§ Data for this exercise
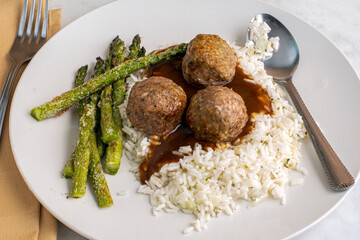  meatballs on rice and gravy with roasted asparagus
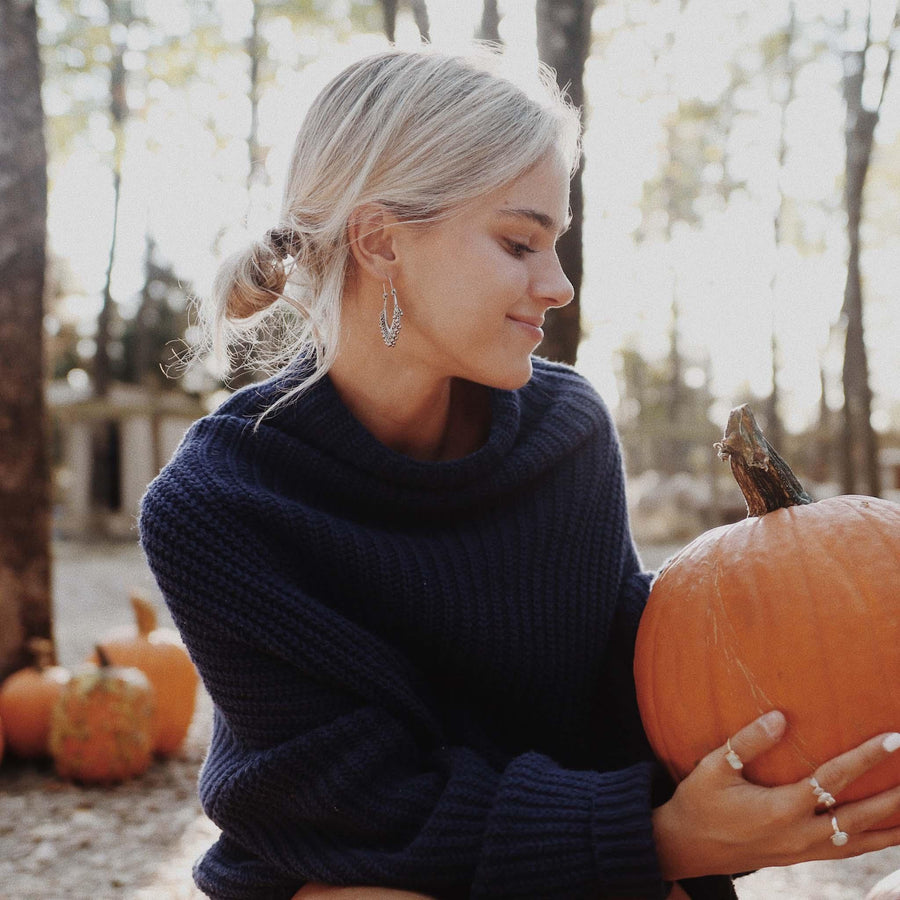 woman holding a pumpkin wearing boho earrings - boho jewellery by Australian jewellery brands indie and Harper 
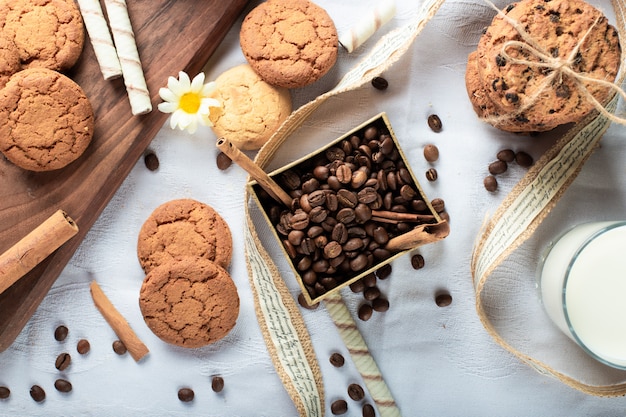 Chicchi di caffè e biscotti al burro con un bicchiere di latte.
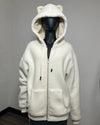 An off-white sherpa fleece zip-up hoodie with a hood featuring bear ears and a cream-colored lining, displayed on a black mannequin against a plain gray wall.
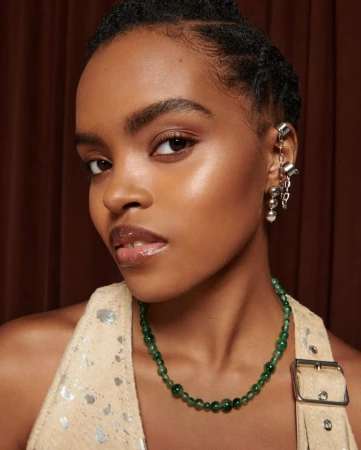 Close-up of a young woman with tan skin wearing a halter top and green beaded necklace, adorned with silver ear cuff jewelry.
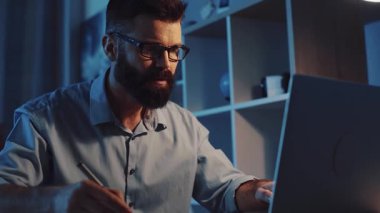 Odaklanmış bir profesyonel, loş bir çalışma alanında yüksek verimlilik seviyelerini gösteren bir dizüstü bilgisayar kullanıyor.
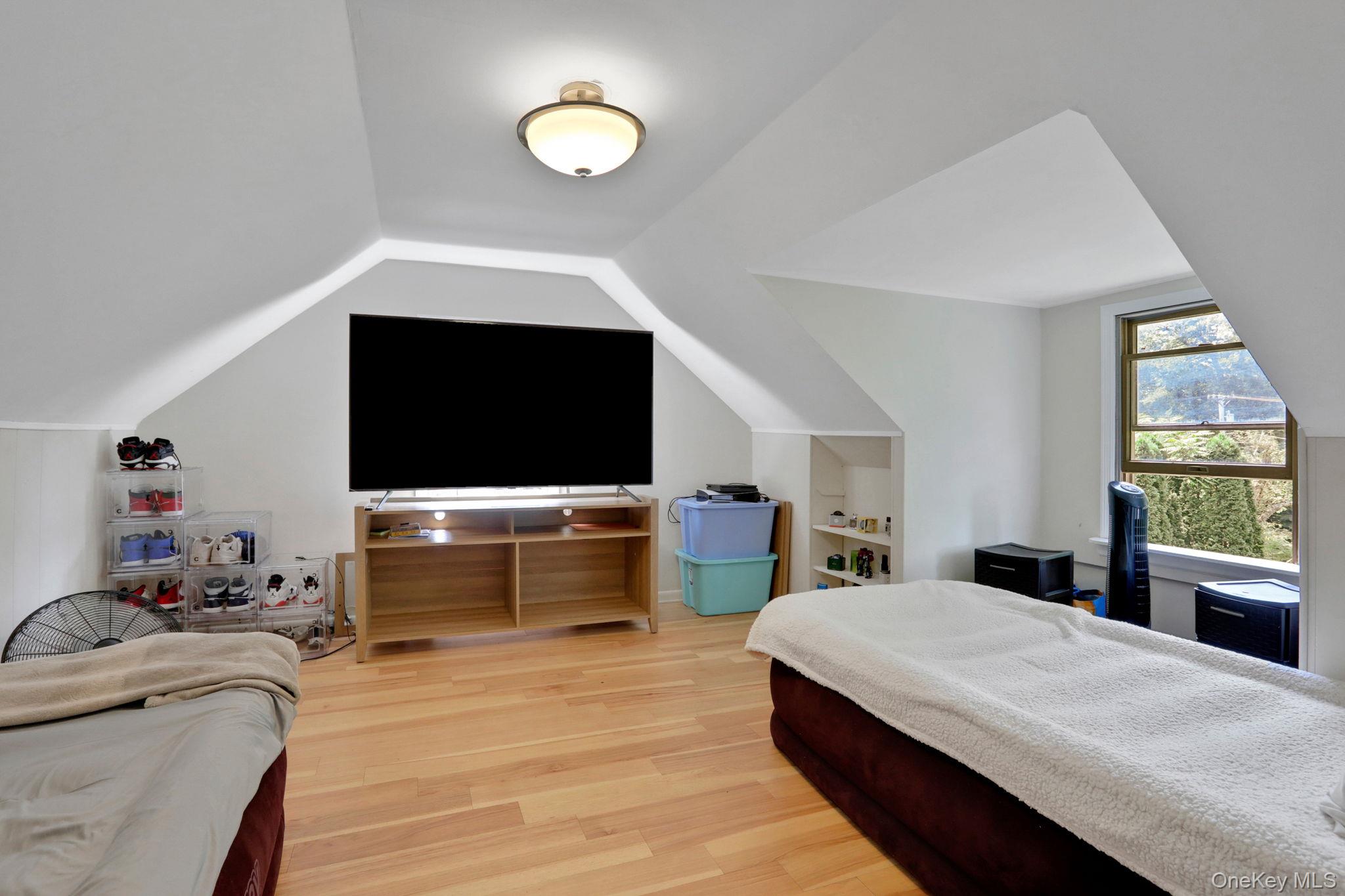 27 Osborne Hill Road Wappingers Falls, NY 12590 - Photo 20 of 31 Bedroom with light wood-style floors and vaulted ceiling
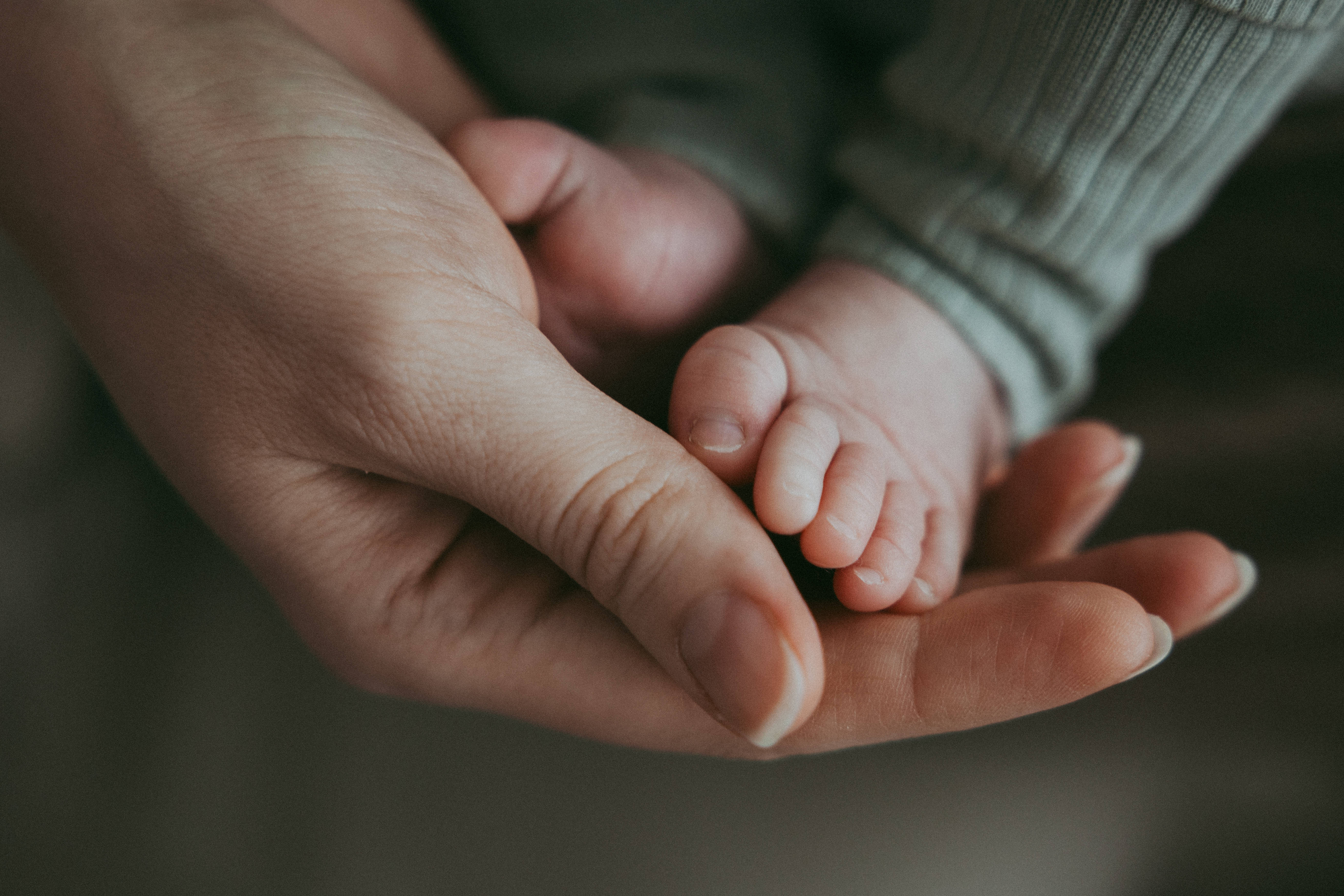 Nahaufnahme der Hand der Mutter, die die Beine des Babys hält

§ About this task
Output exactly the lines from the one containing "27 Osborne Hill" through the last line of the records above, both included, leaving out any pictures.

§ Response to the task
 27 Osborne Hill Road Wappingers Falls, NY 12590 - Photo 20 of 31 Bedroom with light wood-style floors and vaulted ceiling
 Nahaufnahme der Hand der Mutter, die die Beine des Babys hält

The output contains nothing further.